First test of the Maputo Ceramic Stove
Crispin Pemberton-Pigott, New Dawn Engineering, August 20, 2006
Note: click image to enlarge.
I have completed a test of the first fully formed Maputo Ceramic Stove (MCS) with 3 litres of water and initially a bit more than 300 gm of charcoal. The unit in the pictures is the final version.
The test was done without any skirt or under-tray to improve efficiency, just a pot and lid sitting on a simple stove.
The water boiled in exactly 30 minutes even though the stove body was wet from being washed (oops).

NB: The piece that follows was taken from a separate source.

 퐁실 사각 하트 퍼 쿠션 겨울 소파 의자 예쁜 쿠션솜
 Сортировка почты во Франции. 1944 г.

The specific fuel consumption calculated on the basis of water remaining at the time of boiling (good idea) and water remaining at the end of the simmer (something I think is weird) is:
48 gm per litre of water boiled
16.5 gm per litre simmered at 1 degree below the local boiling point for 45 minutes.

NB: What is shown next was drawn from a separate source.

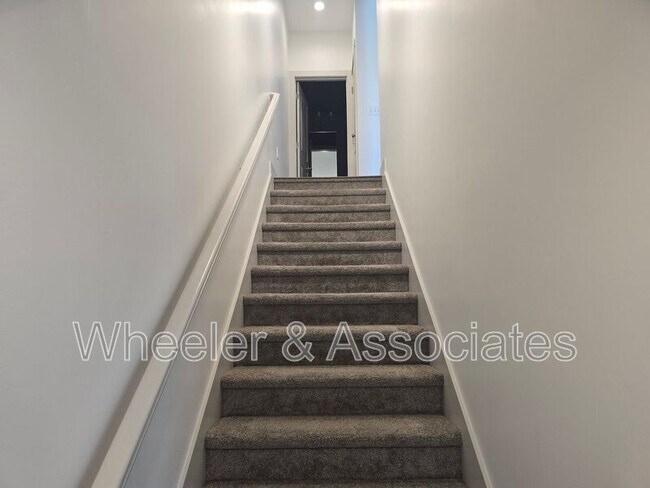 442 E Depot St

This translates into about 324 gm to boil and simmer 5 litres of water, depending on how you calculate it.
The stove was easy to use. I closed the air hole when it boiled and otherwise did not touch anything at any time.

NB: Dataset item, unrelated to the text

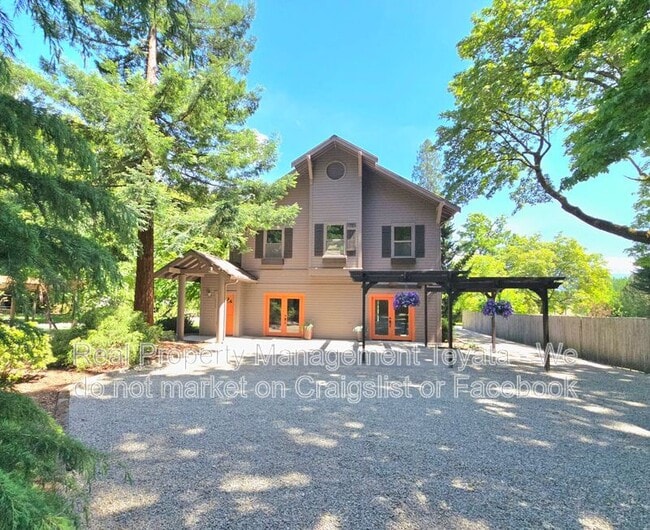 Photo - 5560 Hillard Rd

There was more than 140 gm of charcoal left in the stove at the end of the test. This means it had too much in it to begin with. I was unable to get the temperature to drop below almost the boiling point so I think if it was done again with perhaps 200 or 250 gm of fuel it would come out with a better figure.
The stove in the photos will cost about $3 to manufacture profitably. The material is very low thermal expansion PK11 clay mix fired at 1150 degrees. The whole stove weighs 2230 grammes. The material cost about US$0.40. The grate is removable. The two parts can be formed in a manual press like the Ring Maker.
I did not have a chance to check the CO figures. Earlier tests of the system in prototype form showed the CO to be much lower than a JIKO so I guess that will still be the case.